In Botswana, Tongaat Hulett has a 60 000 tons per annum packing and distribution operation and markets the leading Blue Crystal® sugar brand.

Renewable energy

The need to create jobs and the challenge in electricity supply in South Africa, together with the carbon mitigation drive, is expected to continue to keep attention focused on the development of renewable energy. The development of renewable electricity continues to gain impetus from the looming power crises which South Africa faces over the next decade if it wishes to grow the economy significantly and generate the potential for job creation on the scale Government is targeting.

In the medium to long term, ethanol is perhaps the largest expansion opportunity which the sugar industry in SADC has and offers Governments of the region an excellent opportunity to create jobs and improve the lives of rural communities. If SADC were to follow the Brazilian model over the next 20 years, with 60 percent of petrol being derived from ethanol and all growth in demand captured by ethanol, it would require the construction of about 120 mills that have the capacity to produce 320 000 tons sugar per annum, create 1,8 million new direct jobs, and at least as many indirect jobs. The associated power generation would be equal to Medupi and Kusile combined, which equates to approximately 9 500 MW. For South Africa, it would provide between 13 and 25 percent of the required carbon footprint reduction needed to meet the target which the country committed to during COP 15 (Copenhagen, 2009). Unlike electricity generation, which can be started from a South African perspective, large scale ethanol production requires a regional ethanol regime. Some 70 percent of the market for ethanol lies in South Africa, with the bulk of the production potential lying within other SADC countries such as Mozambique, Zimbabwe, Zambia and Angola. The ideal starting point would be for the South African sugar industry to develop the necessary framework that would facilitate the industry converting its existing sugar exports on the World Sugar Market to ethanol. Tongaat Hulett is continuing to work with the South African Government to support the development of the South African framework and subsequently a wider SADC approach.

Land footprint

Tongaat Hulett’s land footprint in the region provides the business with an opportunity to interact and partner with Governments and rural communities in the development of successful rural communities. To date, these partnerships have seen the company working with Governments and communities in Mozambique, South Africa and Zimbabwe in developing farming models with sugarcane as the primary crop and staple foods like maize and vegetables as secondary crops. The models include the provision of procurement support for key raw material inputs. As the company continues to work with its stakeholders in this area, further opportunities including the use of technology and improving the level of financial acumen of small-scale private farmers will be explored.

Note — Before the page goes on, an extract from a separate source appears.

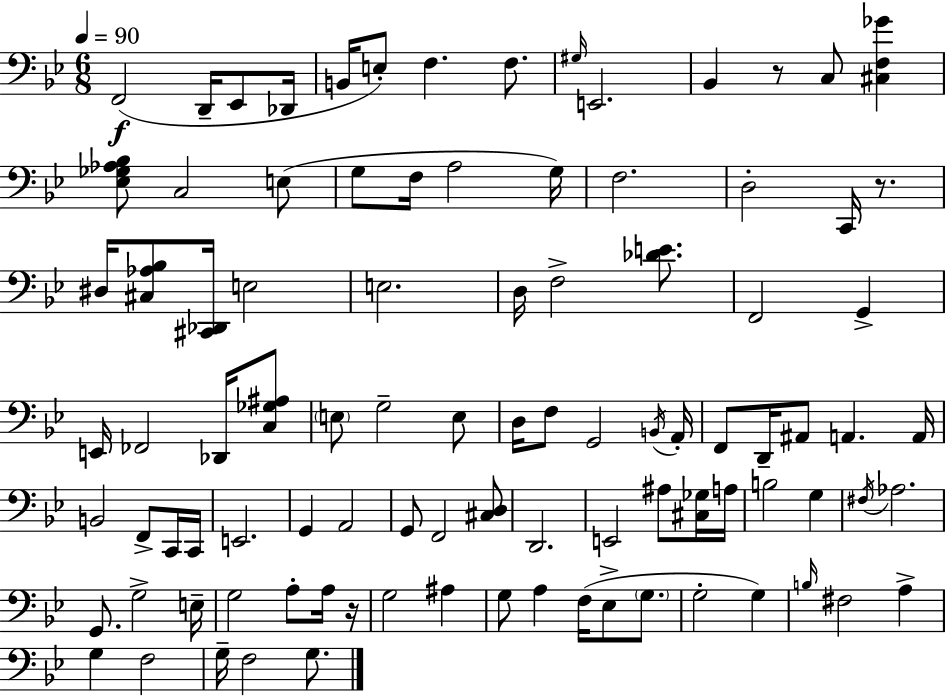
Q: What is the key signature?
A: BES major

Tongaat Hulett’s operational land footprint within the SADC region amounts to approximately 570 000 hectares. This footprint consists of some 281 000 hectares of land managed by Tongaat Hulett. Some 122 000 hectares of private grower land supplies cane to the four South African sugar mills, 15 880 hectares have been allocated to private farmers who supply the two Zimbabwe mills and 2 127 hectares to the two Mozambique mills. Approximately 150 000 hectares of private land under maize supply the four starch operations.